Brief
Every entry should be repeated exactly. Omit the pictures.

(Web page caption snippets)
- - - - -

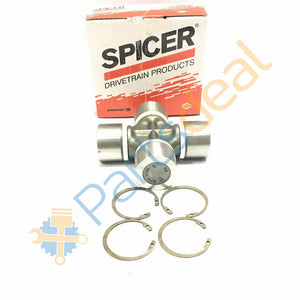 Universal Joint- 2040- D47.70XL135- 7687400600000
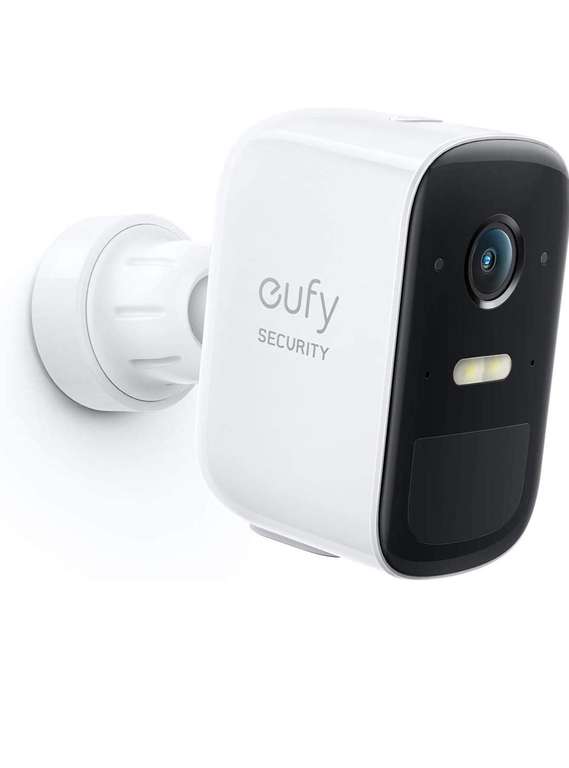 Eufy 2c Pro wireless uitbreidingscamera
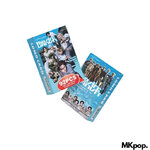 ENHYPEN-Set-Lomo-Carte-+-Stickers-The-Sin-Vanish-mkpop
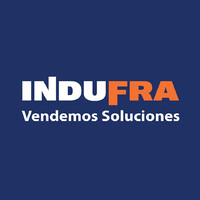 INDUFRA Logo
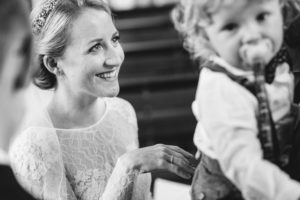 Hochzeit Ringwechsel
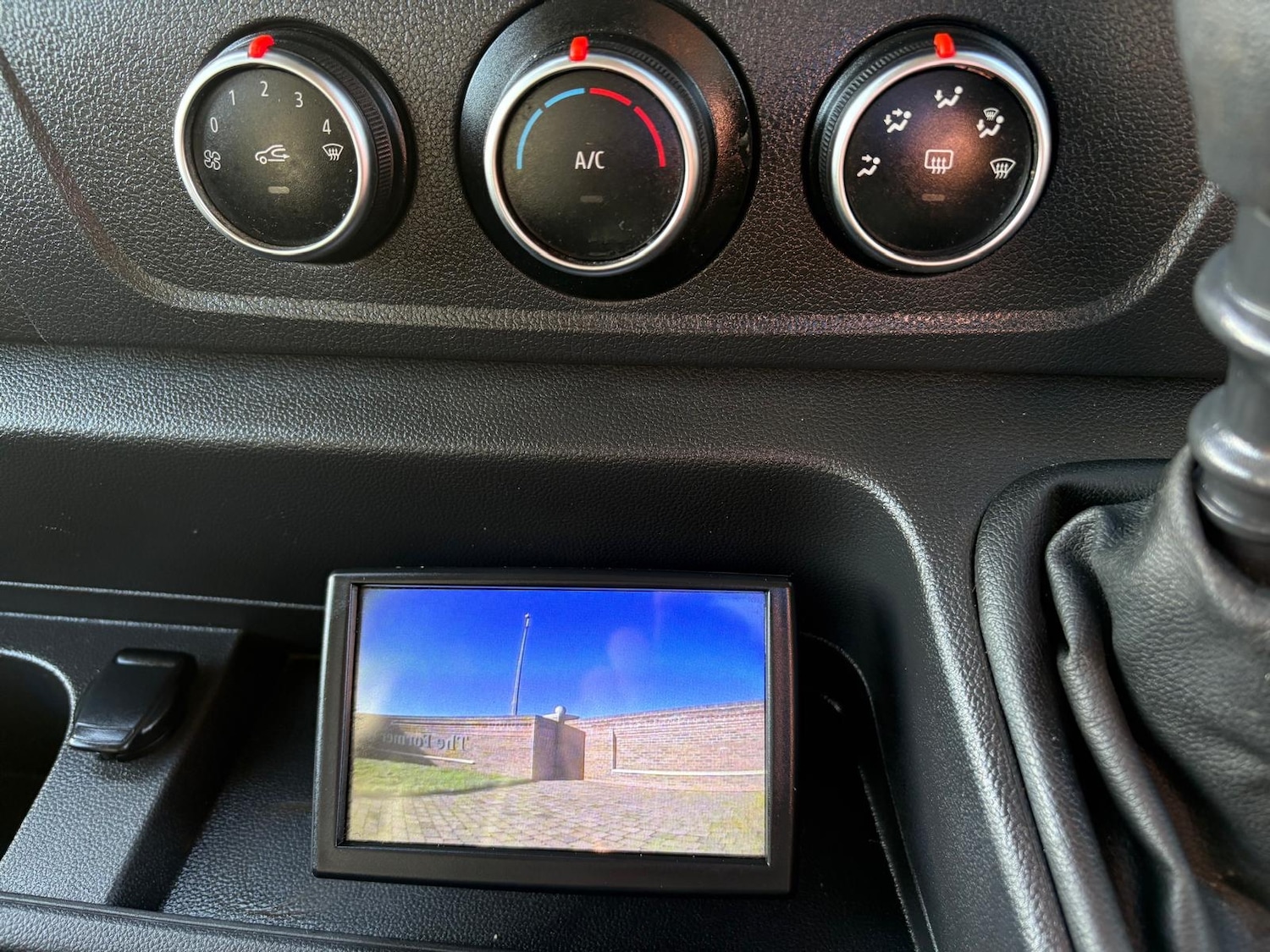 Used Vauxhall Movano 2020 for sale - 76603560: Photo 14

- - - - -

Answer area
 Universal Joint- 2040- D47.70XL135- 7687400600000
 Eufy 2c Pro wireless uitbreidingscamera
 ENHYPEN-Set-Lomo-Carte-+-Stickers-The-Sin-Vanish-mkpop
 INDUFRA Logo
 Hochzeit Ringwechsel
 Used Vauxhall Movano 2020 for sale - 76603560: Photo 14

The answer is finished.